By Dr. Jan Hittelman
Anger and parenting go together so well, don’t they? Let’s face it; it’s impossible to parent and not get angry. At best, you can strive towards getting angry less frequently and less intensely. Particularly because your parental anger also functions as powerful negative attention and thus may reinforce the very behavior you’re angry about. Consider the following techniques:
• Mutual Time-Out. The first thing to always do with parental anger is to calm down! This is also a good idea prior to determining negative consequences. Otherwise, you’ll find yourself saying things like: “You’re grounded for life!” or “No TV for a year!”. After you calm down and realize you cannot enforce what you have just said, you’ll commute the sentence to something more realistic. OOPS! Parents often think that they must make immediate decisions regarding consequences. There’s great wisdom, however, to briefly postponing your decision and giving yourself a chance to think about it. You then have the opportunity to calm down and choose an appropriate and realistic consequence that you can enforce. It also gives you a chance to discuss it with your spouse. This allows you to avoid the other problem of rushing to disciplinary judgment; arguing with your spouse about the haphazard consequence you spontaneously determined, which makes both of you even angrier!
• Asking vs. Telling. Most parents encourage their children to speak in a polite respectful manner. One way that we try to do this is by our example. We call this modeling. Toward this end, we try to model appropriate language like using the word, “please”. So when it’s bedtime, we might say to our child, “Would you please get ready for bed now?” Sounds great doesn’t it? The problem here is that we have unintentionally given our child a choice. We have asked our child, “Would you get ready for bed? It would follow then that our child could respond with something like, “Not right now, I’m busy.” Technically speaking, this is a fair response to the question or request as it was worded, even though most parents would be, to say the least, dissatisfied with this response. Consider the significantly different meaning to this slightly altered statement, “Please get ready for bed now.”

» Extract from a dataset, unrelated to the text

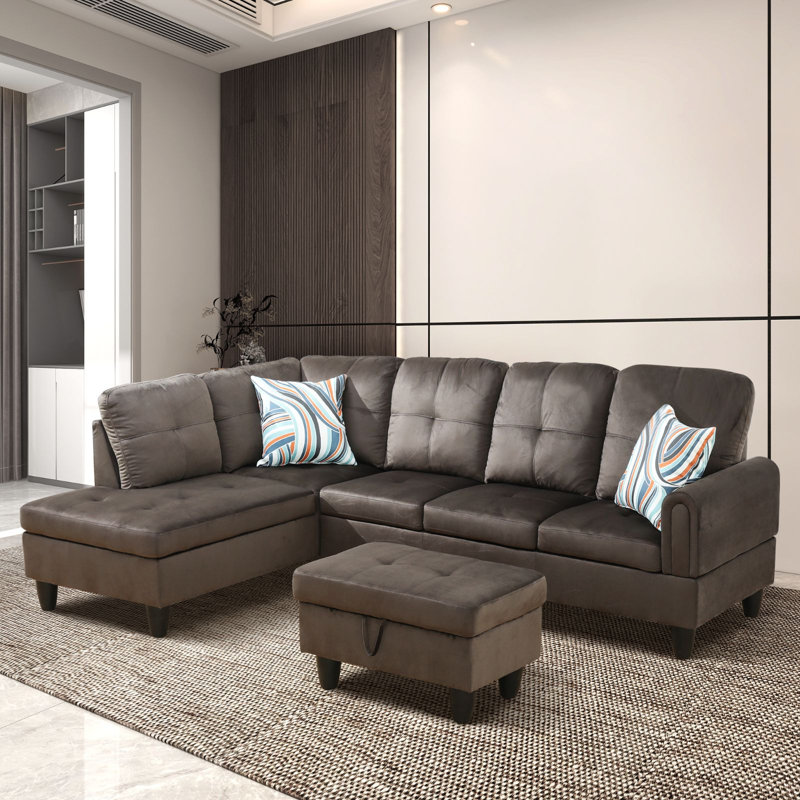 Straton 3 - Piece L-Shaped Modular Living Room Sectional Sofa with Ottoman,  Left Hand Facing, Dark Brown Velvet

• Nagging. Another common complaint is having to repeat requests an inordinate number of times before the child complies. What makes it even more frustrating is that not only are you frustrated with having to repeat yourself over and over, but you’re also viewed as a nag! Believe it or not, this is another example of a child discipline problem that we parents actually create ourselves! Children are smart. If we teach them that we are willing to repeat our requests ten times, why would they respond after the first or second request? It’s as if your child is playing with a friend and you tell them it’s time to clean up. As the friend begins to comply, your child might as well say, “We don’t have to clean up yet; she’s going to ask another 7 or 8 times. We still have plenty of time to play!” We accidentally train our children to ignore our initial requests! The solution to changing your child’s behavior is to first change your own behavior of repeating requests over and over again. Minimize your repetition of requests and be clear with your child that their compliance is expected in a timely fashion.